I don't know if you know?

1-9/（10*9/2）=

1 3=(10-x)*(9-x) (10*9) solution x=15 or x=4 Therefore, there are 4 defective products.

The original formula is ax-x+ay+2y+5-2a=0

i.e. a(x+y-2)=x-2y-5

Since there is a common solution for any a, x+y-2=0, x-2y-5=0 solves x=3, y=-1

It's so much fun!

Isn't the landlord playing tricks, he doesn't know how to do it.

Little A, little missing, B and little C went to the shoe store to buy shoes together.

Three pairs are worth 300 yuan.

The boss felt that he had three pairs of spring envy, so he asked the guy to return 50 yuan to the three.

Halfway through, the guy felt that fifty yuan was not easy for three people, so he drew twenty yuan.

One person will pay back ten dollars.

So for three people, a pair of leather shoes is 90 yuan.

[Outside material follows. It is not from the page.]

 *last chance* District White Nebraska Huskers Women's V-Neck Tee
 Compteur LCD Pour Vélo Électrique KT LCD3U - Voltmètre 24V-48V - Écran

90 * 3 + 20 yuan for 290 yuan.

And ten more dollars of Volson money ran there.

Maybe it's simple, it's even a little naïve, but it's still quite interesting, and the typical topic steals the concept, and in the end: the three of them together come up with 270 yuan, the boss gets 250 yuan, and the guy gets 20 yuan. 270=250+20

If you have to count 300 as a number.

Then 100x3 (all paid) = 300 = 250 (boss gets) + 10x3 (customer gets) + 20 (guy gets).

In other words, the 20 yuan is included in the 270 miles.

Hello: A football sewn with black and white leather, the black leather is a regular pentagon, the white leather is a regular hexagon, and each black leather is sewn with 5 pieces of white leather around it. It is known that there are 12 black skins in the whole football, and the number of white skins is (20).

There are 12 pieces of black, each piece has 5 sides, and there are 5 * 12 = 60 sides of the solution: let the white skin have x blocks.

6x÷2=12*5

3x=60x=20

Answer: There are 20 pieces of white skin.

Good luck with your studies!

Solution: Let A have sheep x and B have sheep y, and the equation is obtained

x+9=2（y-9）

x-9=y+9

Solution: {x=63.}

y=45 means that A has 63 sheep and B has 45 sheep.

And man, I can't understand it all the time, you typed it wrong, it's "said" not "said". I thought about it for a long time...

Analysis and solution.

1 B says that A has 9 animals, and the two of them have the same number, and A has 9 fewer animals, and B has increased 9 at the same time, that is, A must have 9 9 18 more animals.

2 When A says that B has 9, it is twice as many as B, and A increases by 9 and B decreases by 9.

That is, A had 9,9,18 more sheep than B.

From the analysis of 1, we know that A originally had 18 more sheep than B, so A had 18 18 36 more sheep than B at this time, and A was twice as many as B at this time, so 36 sheep were equivalent to twice that of B, so at this time, A had 36 2 72 sheep and B had 36, and A had 72 9 63 sheep and B had 36 9 45 sheep.

Question 1: This is the long-lost Professor Kuibel. Professor Kuibel:

I've come up with another question for you. Of the animals I raise, all but two are dogs, all but two are cats, and all but two are parrots, how many animals do I have in total? Did you figure it out?

Answer: Professor Kuibel has only three animals: a dog, a cat, and a parrot. All but two are dogs, all but two are cats, and all but two are parrots.